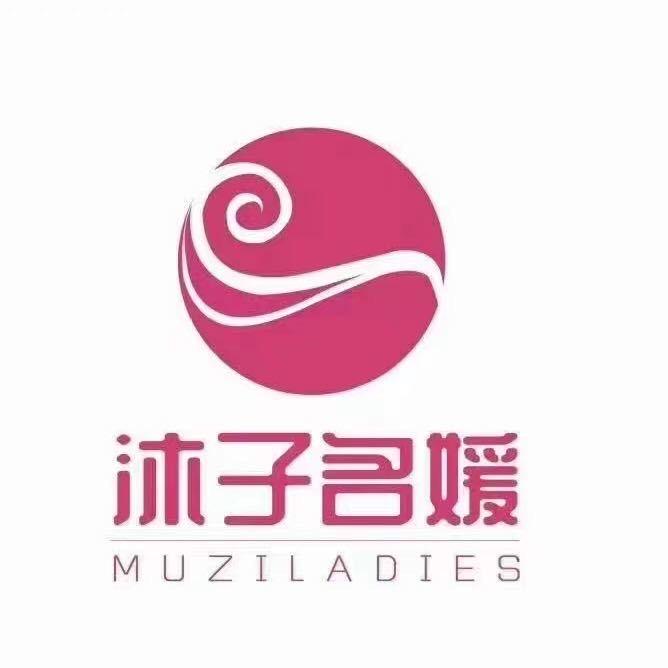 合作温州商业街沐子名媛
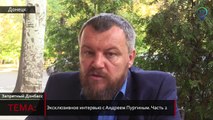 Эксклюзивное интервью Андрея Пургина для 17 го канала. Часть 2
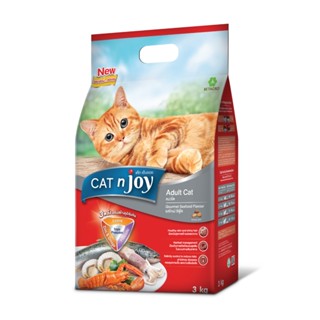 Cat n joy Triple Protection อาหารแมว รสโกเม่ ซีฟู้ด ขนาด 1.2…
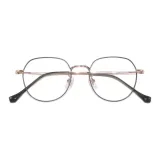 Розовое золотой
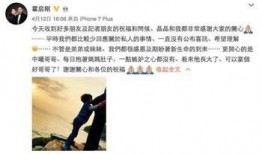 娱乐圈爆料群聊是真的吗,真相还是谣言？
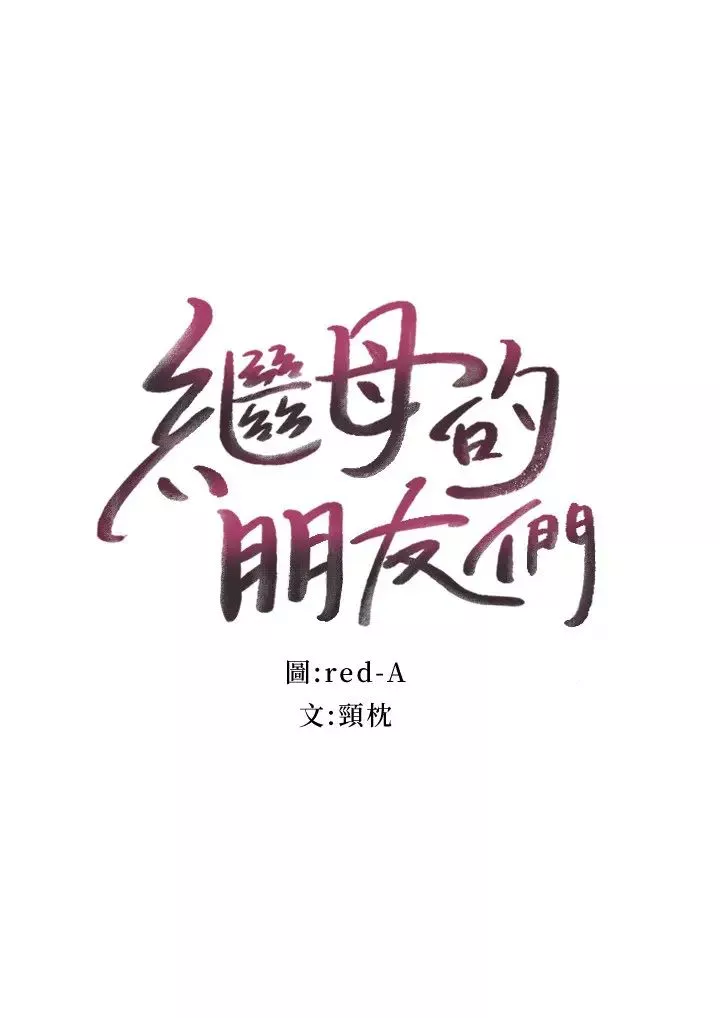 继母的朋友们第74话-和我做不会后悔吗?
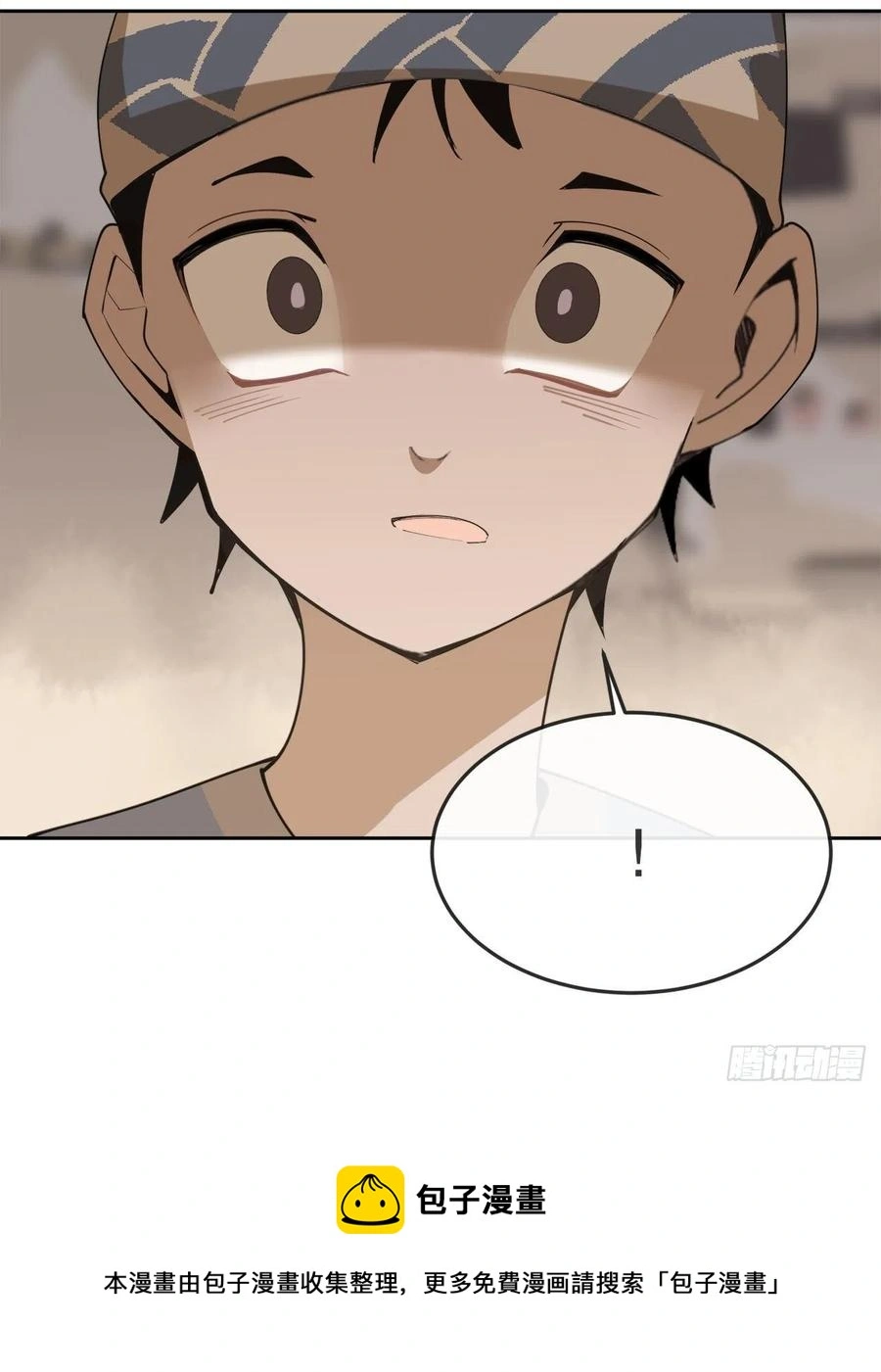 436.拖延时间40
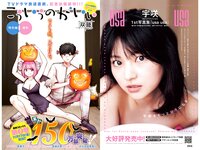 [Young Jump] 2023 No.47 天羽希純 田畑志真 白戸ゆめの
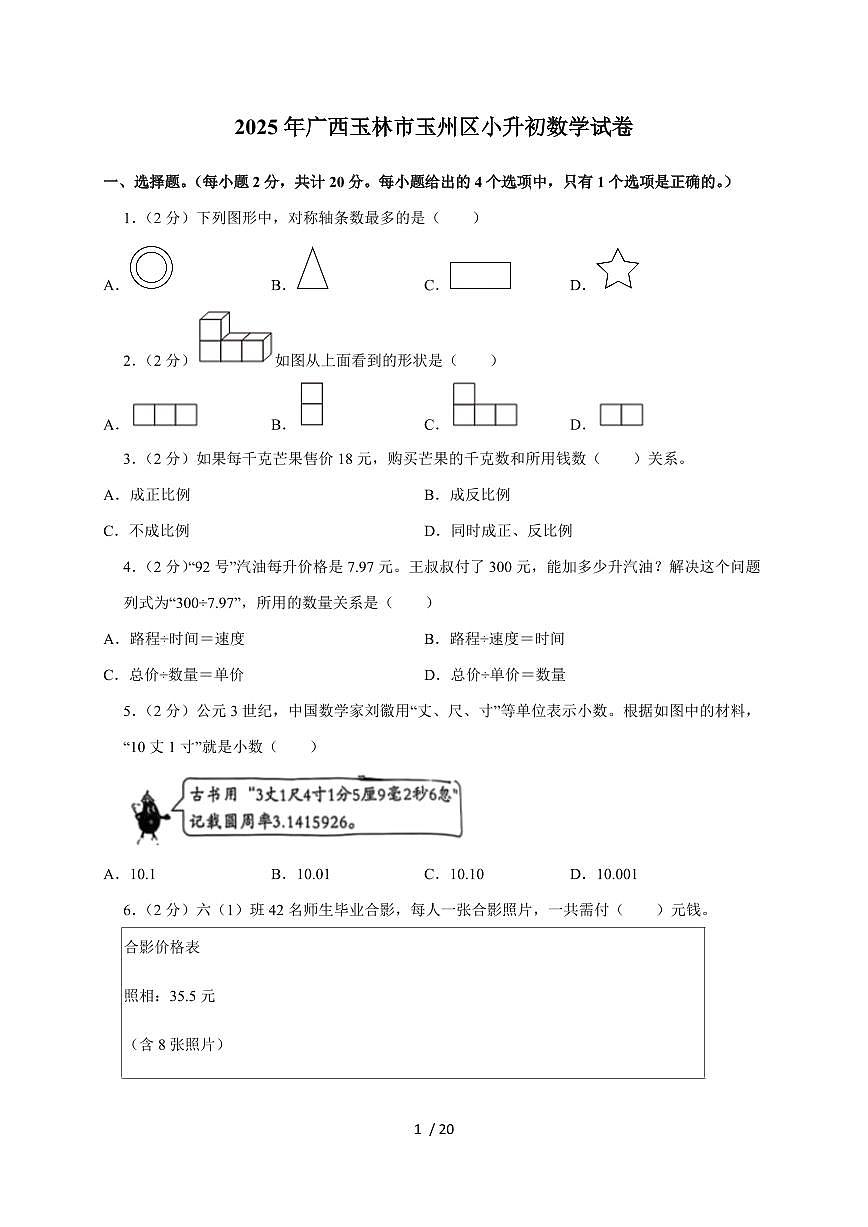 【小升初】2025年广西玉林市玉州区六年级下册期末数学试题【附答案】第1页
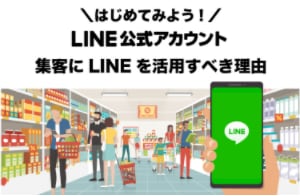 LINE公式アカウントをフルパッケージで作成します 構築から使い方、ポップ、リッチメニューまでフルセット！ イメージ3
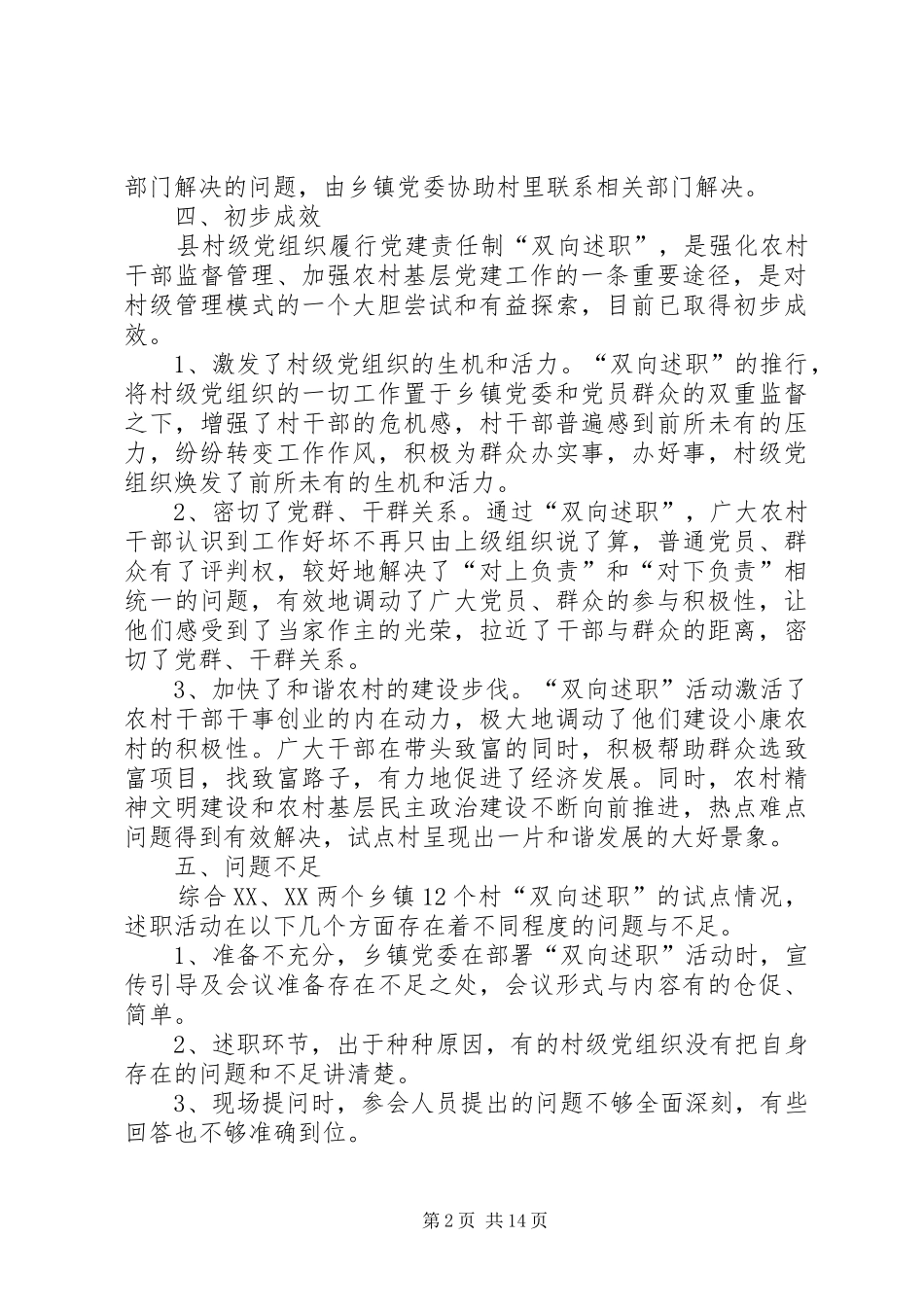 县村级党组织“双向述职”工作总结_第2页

---*---

### [Task brief]
All of the data is to be returned exactly, with no pictures included.

### [Output for this exercise]
 合作温州商业街沐子名媛
 Эксклюзивное интервью Андрея Пургина для 17 го канала. Часть 2
 Cat n joy Triple Protection อาหารแมว รสโกเม่ ซีฟู้ด ขนาด 1.2…
 Розовое золотой
 娱乐圈爆料群聊是真的吗,真相还是谣言？
 继母的朋友们第74话-和我做不会后悔吗?
 436.拖延时间40
 [Young Jump] 2023 No.47 天羽希純 田畑志真 白戸ゆめの
 【小升初】2025年广西玉林市玉州区六年级下册期末数学试题【附答案】第1页
 LINE公式アカウントをフルパッケージで作成します 構築から使い方、ポップ、リッチメニューまでフルセット！ イメージ3
 县村级党组织“双向述职”工作总结_第2页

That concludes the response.